Danny, not to be outdone, formed a cult — by accident. He wrote a book about it called Join Me. It was exceptionally funny, and suddenly, in reading it, more people joined his cult (or “collective”, as he prefers to call it). I read it and I joined. Colin read it, and he joined. The book made Danny a semi-recognizable person in London (Mostly in this way: “Hey that guy looks familiar, woman thinks while sitting on train. Where do I know him from? Is he the guy who delivers sandwiches to the office?). Danny connected with his collective by e-mail and website. It created a group of groupies for him. They got together sometimes, at Hyde Park and at pubs across the Anglo-land. Sometimes Danny came, sometimes he left the Joinees to fend for themselves. Together, though, they were all working to do good deeds. On Fridays.

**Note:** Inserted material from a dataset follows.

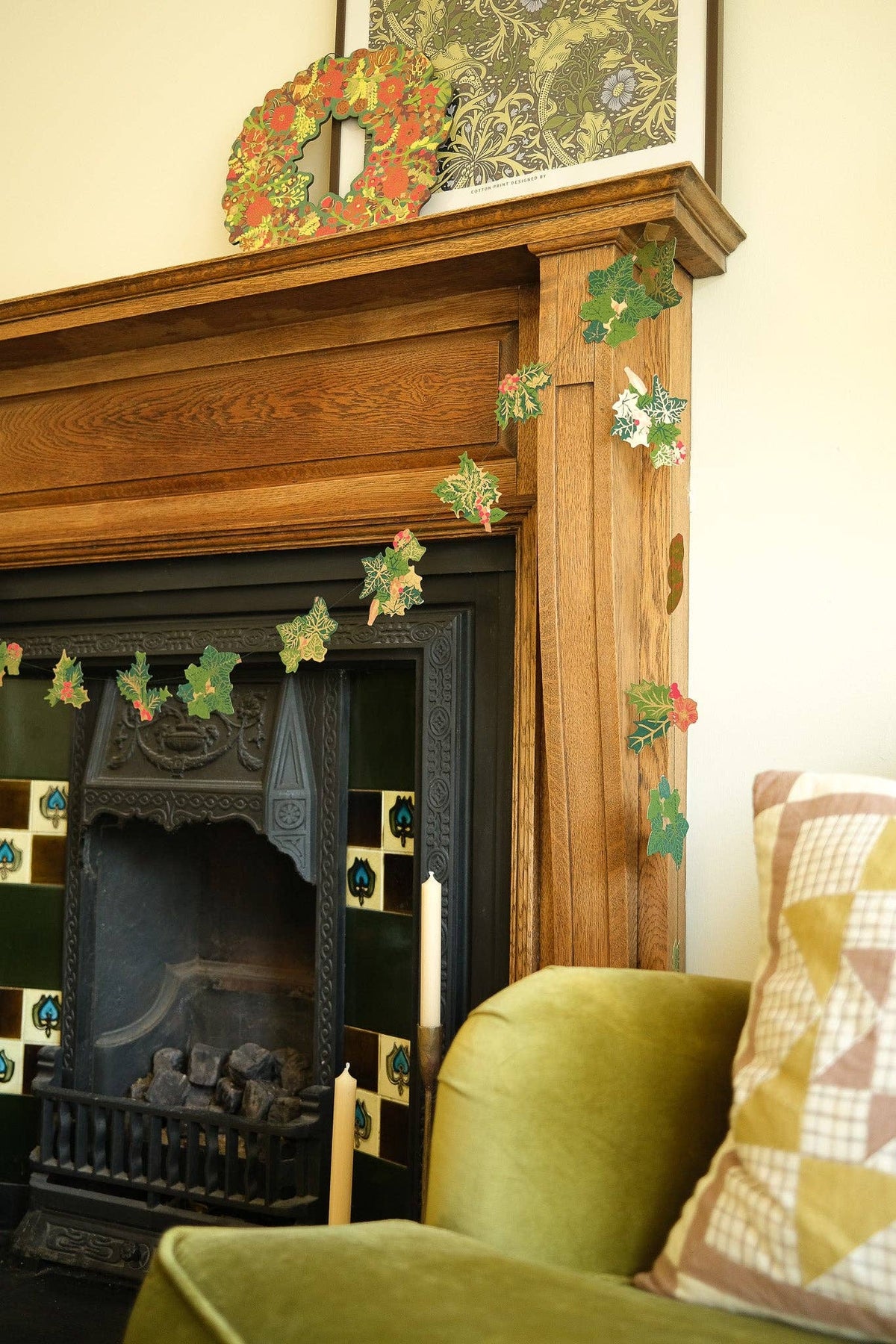 East End Press - UK/EU: Holly and Ivy Sewn Garland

So what’s so oddly odd about that? Nothing. Read the book. Buy the book and have some laughs. Pass it on. It’s great fun and will make you want to join. It has pictures! What, I think, was odd was Danny’s next “boy project” (as he and Gorman refer to them). He created a country and made himself a King. King Danny of Lovely. A real, honest-to-goodness micronation.
Colin and I watched the show about the making of this nation on BBC2 this autumn. We even recorded it on DVR and ate dinner by it. My friend, Chris, was following it too. He mosied by the unveiling of the country’s name, held in Leicester Square and reported back some ominous news. It wasn’t good.

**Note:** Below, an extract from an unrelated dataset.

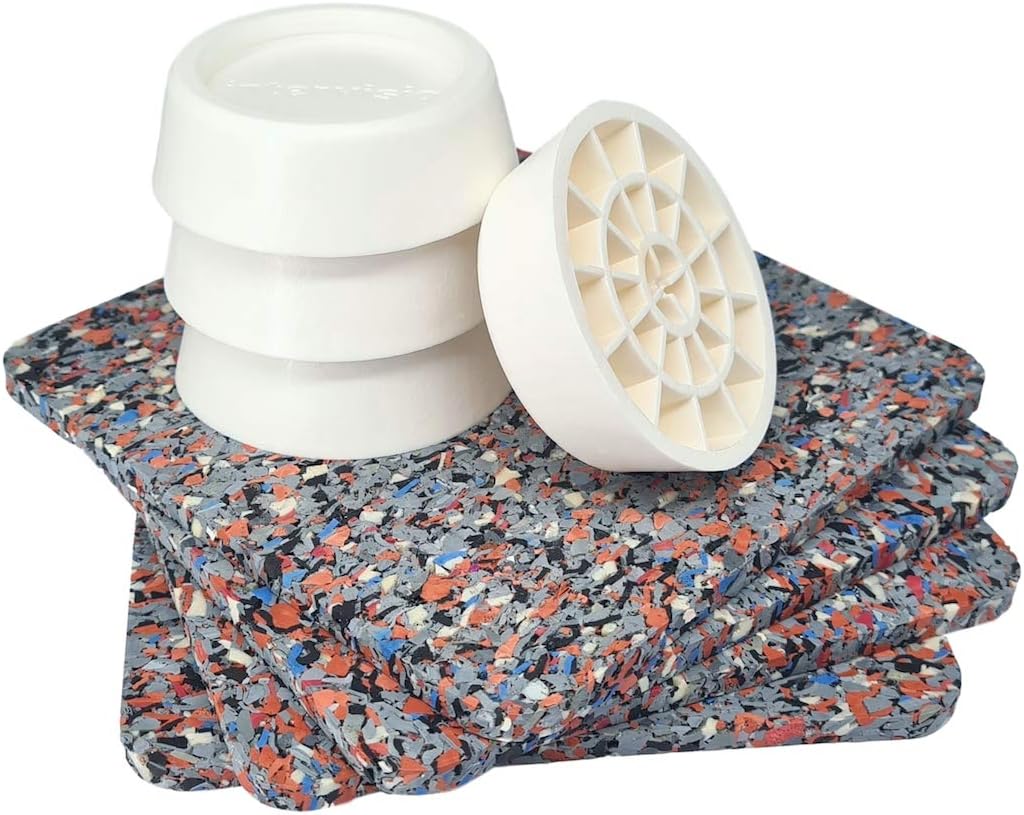 Antivibrationsmatte 4er-Set für Waschmaschine & Trockner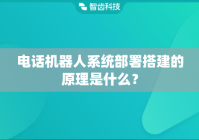 电话机器人系统部署搭建的原理是什么？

Let me tell you it is an odd thing to watch this spunky, cute-in-a-dopey-way, writerly guy suddenly worshipped by a bunch of people who saw him on TV. While the concept of “Lovely” — just like the concept of “Join Me” — was founded on genuine altruism and whimsy, I watched in discomfort as the nation building, along with poor Danny, got tainted by exposure and power: the power of media, the power of position, the disconnect between him and his people, and the temptation to buy into the trappings that are tied to government hierarchy: Saville-Row tailored uniform included. His uniform as leader of Join Me? A big black parka and ratty blue jeans. The book, Join Me, helped to preserve a sense of mystery and harmlessness around Danny. All that fell away with Lovely.

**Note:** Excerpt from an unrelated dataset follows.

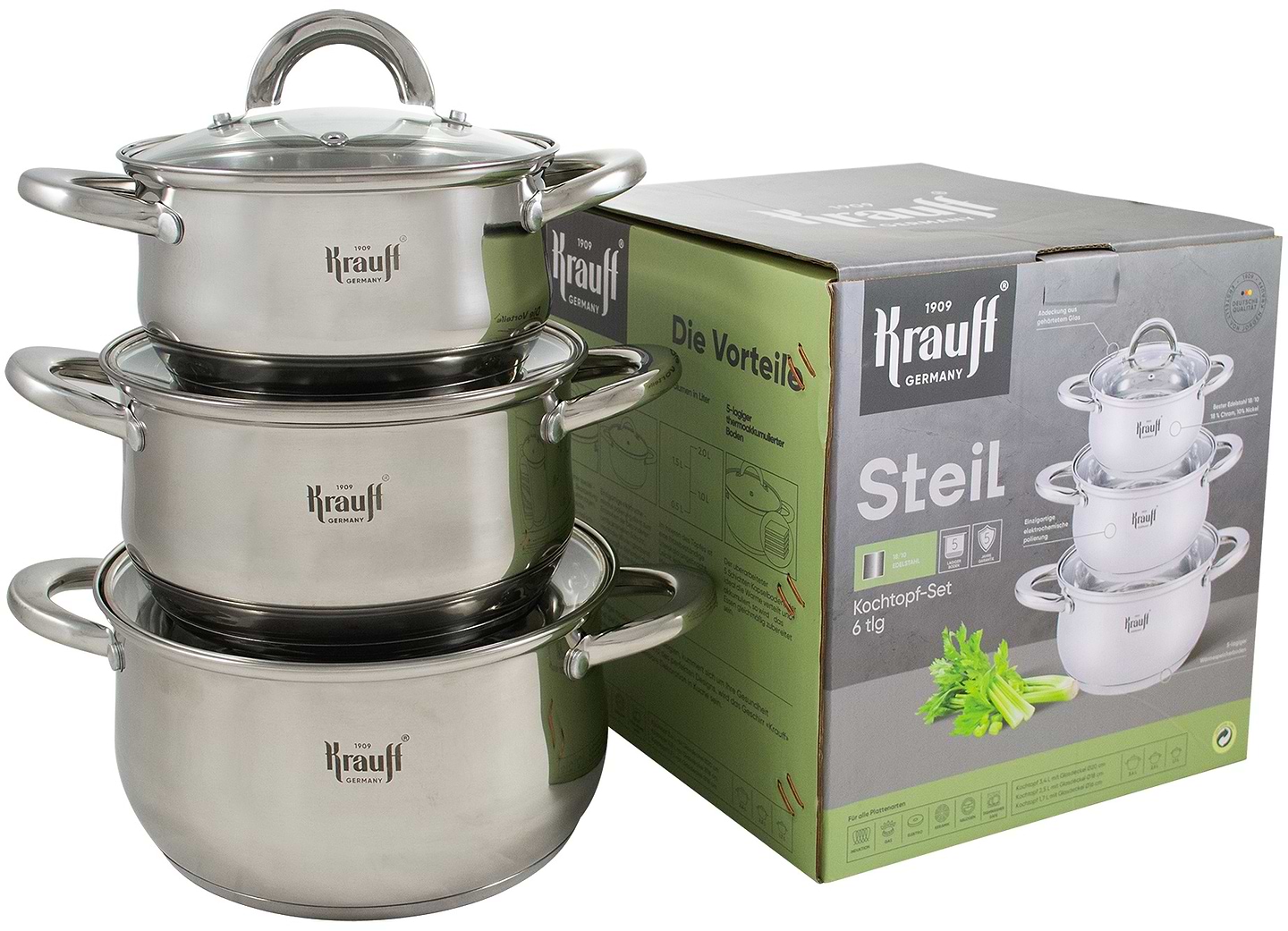 Уценка - Набор посуды Krauff 26-238-078 6 пр.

So, in a way, when I touched Danny on the arm at the Prince Edward to say hello, to introduce myself after all this time, I was hoping it would be like it might have been in the Joinee days: fellow comrades on a mission to bring niceness to the world. I had high hopes: after all he was wearing a section of a parka, even if the sleeves were missing. But I knew it was too late. Danny had moved up the totem pole: once a real leader — The Leader of Join Me, asking people to buy presents and cups of tea for the unsuspecting — he was now KING (and TV star), wearing designer rags and ordering his citizens to Be Good. What a difference a uniform makes.
I have a lot of sympathy for people made famous, even when they have their own hand in it. It is impossible to realize how slowly the subtleties of life are stripped away. Even the small joys begin to crumble, like meeting someone new. Poor Danny; he might never get to know a person without them already feeling like they know his story, like they’ve got his number. And, he might never know what he missed, passing up the chance to have coffee with me.
Oh, I should mention: Danny was very nice when I introduced myself (if surprised and slightly nervous). I, apparently, was insanely happy to meet him. But you can see that in the photo. Maybe he had reason to be nervous.